_Work item:_ The records below hold a stretch from the line with "桜が咲く山門と石像 信州の桜 いにしえの石像 美しき桜の花 花と植物が織りなす色紙 桜が咲く山門と石像" through the line with "Red Kangaroo mid-stride"; return exactly those lines, ends included, and nothing more.

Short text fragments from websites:
···

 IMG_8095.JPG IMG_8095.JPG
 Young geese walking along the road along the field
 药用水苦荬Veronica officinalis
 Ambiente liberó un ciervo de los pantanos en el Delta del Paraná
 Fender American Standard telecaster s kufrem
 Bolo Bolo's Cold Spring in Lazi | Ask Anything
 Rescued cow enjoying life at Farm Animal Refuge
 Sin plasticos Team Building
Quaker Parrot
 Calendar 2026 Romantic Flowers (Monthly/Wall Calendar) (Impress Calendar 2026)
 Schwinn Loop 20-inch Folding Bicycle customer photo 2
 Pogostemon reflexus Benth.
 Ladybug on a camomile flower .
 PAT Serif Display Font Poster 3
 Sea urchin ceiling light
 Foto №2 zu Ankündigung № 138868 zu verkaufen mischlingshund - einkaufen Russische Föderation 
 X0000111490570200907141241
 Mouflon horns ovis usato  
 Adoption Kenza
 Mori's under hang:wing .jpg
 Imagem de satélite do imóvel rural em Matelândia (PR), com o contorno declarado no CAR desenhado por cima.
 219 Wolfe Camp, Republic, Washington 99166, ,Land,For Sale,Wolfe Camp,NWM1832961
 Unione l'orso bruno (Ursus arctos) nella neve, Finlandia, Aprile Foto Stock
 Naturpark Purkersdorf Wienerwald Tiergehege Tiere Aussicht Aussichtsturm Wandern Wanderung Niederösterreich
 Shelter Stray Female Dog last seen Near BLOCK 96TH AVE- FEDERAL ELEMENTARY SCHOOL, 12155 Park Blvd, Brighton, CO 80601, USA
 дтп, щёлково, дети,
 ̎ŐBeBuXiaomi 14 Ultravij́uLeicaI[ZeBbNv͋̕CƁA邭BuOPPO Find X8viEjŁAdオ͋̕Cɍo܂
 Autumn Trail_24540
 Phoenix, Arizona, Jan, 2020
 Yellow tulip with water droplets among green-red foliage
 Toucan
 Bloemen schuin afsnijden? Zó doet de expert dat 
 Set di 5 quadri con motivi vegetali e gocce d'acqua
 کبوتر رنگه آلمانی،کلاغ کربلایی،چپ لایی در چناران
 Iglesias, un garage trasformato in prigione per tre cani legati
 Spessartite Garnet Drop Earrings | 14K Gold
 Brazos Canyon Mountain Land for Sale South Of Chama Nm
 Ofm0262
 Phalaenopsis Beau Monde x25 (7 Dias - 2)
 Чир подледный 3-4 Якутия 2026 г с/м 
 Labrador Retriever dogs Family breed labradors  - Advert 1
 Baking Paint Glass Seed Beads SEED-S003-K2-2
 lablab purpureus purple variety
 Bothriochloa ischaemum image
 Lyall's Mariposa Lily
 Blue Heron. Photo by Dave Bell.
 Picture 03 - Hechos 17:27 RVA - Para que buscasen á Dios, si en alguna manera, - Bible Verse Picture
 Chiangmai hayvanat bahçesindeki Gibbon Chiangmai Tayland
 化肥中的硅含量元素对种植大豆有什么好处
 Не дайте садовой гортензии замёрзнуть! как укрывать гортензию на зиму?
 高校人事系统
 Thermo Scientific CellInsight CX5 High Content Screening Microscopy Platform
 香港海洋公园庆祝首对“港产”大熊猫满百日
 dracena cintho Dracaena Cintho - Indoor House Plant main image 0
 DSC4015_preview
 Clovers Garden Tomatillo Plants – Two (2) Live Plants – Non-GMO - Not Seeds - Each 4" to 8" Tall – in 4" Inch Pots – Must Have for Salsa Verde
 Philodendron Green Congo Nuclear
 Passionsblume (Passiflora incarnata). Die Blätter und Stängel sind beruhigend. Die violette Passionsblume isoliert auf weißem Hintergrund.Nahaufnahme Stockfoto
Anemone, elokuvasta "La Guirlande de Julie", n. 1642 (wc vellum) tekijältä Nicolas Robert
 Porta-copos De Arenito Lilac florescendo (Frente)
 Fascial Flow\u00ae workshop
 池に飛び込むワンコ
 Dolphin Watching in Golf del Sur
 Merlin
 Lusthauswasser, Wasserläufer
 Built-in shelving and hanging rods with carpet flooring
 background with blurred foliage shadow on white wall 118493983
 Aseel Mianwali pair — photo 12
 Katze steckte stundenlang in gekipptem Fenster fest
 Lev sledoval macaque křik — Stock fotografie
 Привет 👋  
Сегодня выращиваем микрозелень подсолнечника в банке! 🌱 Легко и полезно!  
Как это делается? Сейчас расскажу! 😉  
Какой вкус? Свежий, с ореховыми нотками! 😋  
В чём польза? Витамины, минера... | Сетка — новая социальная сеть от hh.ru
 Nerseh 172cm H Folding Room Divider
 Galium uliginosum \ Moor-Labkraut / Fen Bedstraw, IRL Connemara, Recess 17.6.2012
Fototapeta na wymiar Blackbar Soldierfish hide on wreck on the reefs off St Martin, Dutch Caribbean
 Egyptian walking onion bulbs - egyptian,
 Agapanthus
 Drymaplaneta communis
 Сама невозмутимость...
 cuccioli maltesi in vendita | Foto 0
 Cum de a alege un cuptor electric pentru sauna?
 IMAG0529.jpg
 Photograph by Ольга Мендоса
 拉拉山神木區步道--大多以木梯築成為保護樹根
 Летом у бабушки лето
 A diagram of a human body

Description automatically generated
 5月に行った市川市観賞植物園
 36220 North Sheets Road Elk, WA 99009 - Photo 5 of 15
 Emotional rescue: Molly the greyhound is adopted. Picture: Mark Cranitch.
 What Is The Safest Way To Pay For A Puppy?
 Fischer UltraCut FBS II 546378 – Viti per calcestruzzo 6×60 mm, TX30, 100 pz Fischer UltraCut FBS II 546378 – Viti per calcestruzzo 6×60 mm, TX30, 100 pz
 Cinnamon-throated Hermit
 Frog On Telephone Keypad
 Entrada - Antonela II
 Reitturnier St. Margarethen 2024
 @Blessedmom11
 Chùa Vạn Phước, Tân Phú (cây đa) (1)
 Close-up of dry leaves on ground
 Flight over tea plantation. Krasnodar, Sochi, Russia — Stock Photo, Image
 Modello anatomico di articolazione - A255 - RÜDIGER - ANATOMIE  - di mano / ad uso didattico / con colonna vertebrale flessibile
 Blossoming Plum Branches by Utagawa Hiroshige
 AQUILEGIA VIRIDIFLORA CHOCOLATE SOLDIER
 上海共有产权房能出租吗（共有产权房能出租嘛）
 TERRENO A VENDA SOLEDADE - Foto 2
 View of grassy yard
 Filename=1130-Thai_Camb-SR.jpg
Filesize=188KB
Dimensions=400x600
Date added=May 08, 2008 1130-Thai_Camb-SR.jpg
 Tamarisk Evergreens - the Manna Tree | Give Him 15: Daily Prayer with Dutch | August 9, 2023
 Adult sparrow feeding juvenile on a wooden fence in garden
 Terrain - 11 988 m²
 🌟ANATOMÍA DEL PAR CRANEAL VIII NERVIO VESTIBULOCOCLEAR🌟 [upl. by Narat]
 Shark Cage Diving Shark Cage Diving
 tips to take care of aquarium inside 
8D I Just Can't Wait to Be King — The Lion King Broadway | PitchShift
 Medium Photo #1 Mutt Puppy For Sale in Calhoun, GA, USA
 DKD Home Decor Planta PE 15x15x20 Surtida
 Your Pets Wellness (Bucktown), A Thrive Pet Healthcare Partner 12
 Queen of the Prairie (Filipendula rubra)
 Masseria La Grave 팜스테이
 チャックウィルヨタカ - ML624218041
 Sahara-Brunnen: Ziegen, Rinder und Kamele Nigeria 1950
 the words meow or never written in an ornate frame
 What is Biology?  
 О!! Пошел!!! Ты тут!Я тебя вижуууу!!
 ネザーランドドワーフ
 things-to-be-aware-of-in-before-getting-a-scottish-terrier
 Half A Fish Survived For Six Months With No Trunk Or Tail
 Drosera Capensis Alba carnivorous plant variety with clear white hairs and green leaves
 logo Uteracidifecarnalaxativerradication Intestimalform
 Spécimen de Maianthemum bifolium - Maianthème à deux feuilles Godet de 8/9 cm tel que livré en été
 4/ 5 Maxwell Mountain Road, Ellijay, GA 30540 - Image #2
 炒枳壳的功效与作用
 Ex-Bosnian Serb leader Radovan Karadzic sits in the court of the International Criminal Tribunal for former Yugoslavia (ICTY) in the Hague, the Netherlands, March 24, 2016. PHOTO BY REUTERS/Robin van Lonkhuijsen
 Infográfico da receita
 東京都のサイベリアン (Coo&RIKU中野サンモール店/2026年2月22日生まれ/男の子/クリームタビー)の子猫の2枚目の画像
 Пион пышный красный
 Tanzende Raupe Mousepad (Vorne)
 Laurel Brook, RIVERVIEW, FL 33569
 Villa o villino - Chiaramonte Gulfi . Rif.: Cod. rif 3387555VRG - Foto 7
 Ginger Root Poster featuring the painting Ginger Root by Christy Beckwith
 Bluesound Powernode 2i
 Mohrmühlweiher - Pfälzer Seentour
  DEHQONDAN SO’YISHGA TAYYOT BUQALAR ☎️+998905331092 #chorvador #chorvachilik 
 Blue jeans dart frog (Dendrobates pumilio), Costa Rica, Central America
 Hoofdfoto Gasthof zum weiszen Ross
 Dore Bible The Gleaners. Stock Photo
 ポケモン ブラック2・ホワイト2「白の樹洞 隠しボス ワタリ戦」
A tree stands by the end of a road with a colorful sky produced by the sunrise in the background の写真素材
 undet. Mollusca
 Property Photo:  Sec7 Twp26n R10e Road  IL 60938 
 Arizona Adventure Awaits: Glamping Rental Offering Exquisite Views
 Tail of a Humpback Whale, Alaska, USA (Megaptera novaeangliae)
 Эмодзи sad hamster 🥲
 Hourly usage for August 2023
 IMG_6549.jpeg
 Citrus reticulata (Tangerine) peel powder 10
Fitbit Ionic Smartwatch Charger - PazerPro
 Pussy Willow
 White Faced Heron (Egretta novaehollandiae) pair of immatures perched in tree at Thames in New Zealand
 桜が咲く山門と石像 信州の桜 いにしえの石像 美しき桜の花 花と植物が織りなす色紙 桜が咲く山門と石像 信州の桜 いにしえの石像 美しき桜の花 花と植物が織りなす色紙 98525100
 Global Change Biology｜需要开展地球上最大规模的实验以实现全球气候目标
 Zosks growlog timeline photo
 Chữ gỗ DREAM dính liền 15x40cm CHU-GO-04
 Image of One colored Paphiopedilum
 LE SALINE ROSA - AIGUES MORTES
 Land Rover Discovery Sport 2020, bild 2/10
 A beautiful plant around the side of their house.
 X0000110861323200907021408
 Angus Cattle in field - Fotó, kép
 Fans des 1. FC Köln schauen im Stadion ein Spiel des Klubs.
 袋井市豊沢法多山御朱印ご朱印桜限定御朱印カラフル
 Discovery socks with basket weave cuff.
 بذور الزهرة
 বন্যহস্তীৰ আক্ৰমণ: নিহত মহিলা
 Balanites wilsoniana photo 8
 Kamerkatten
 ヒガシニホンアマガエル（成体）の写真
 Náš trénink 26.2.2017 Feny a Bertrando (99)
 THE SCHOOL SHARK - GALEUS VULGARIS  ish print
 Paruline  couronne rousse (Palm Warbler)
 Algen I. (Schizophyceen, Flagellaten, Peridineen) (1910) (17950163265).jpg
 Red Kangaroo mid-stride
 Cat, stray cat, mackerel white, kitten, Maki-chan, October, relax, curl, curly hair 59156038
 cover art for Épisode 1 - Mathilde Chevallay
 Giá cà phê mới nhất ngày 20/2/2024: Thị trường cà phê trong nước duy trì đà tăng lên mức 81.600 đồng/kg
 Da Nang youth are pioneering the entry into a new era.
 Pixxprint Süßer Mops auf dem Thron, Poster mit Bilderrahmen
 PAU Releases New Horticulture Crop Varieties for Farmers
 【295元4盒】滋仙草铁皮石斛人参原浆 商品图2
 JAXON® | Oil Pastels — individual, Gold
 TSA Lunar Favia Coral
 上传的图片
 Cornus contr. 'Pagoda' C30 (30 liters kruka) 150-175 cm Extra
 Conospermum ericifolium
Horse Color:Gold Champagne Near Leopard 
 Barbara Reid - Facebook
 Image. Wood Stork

···

_Output:_
 桜が咲く山門と石像 信州の桜 いにしえの石像 美しき桜の花 花と植物が織りなす色紙 桜が咲く山門と石像 信州の桜 いにしえの石像 美しき桜の花 花と植物が織りなす色紙 98525100
 Global Change Biology｜需要开展地球上最大规模的实验以实现全球气候目标
 Zosks growlog timeline photo
 Chữ gỗ DREAM dính liền 15x40cm CHU-GO-04
 Image of One colored Paphiopedilum
 LE SALINE ROSA - AIGUES MORTES
 Land Rover Discovery Sport 2020, bild 2/10
 A beautiful plant around the side of their house.
 X0000110861323200907021408
 Angus Cattle in field - Fotó, kép
 Fans des 1. FC Köln schauen im Stadion ein Spiel des Klubs.
 袋井市豊沢法多山御朱印ご朱印桜限定御朱印カラフル
 Discovery socks with basket weave cuff.
 بذور الزهرة
 বন্যহস্তীৰ আক্ৰমণ: নিহত মহিলা
 Balanites wilsoniana photo 8
 Kamerkatten
 ヒガシニホンアマガエル（成体）の写真
 Náš trénink 26.2.2017 Feny a Bertrando (99)
 THE SCHOOL SHARK - GALEUS VULGARIS  ish print
 Paruline  couronne rousse (Palm Warbler)
 Algen I. (Schizophyceen, Flagellaten, Peridineen) (1910) (17950163265).jpg
 Red Kangaroo mid-stride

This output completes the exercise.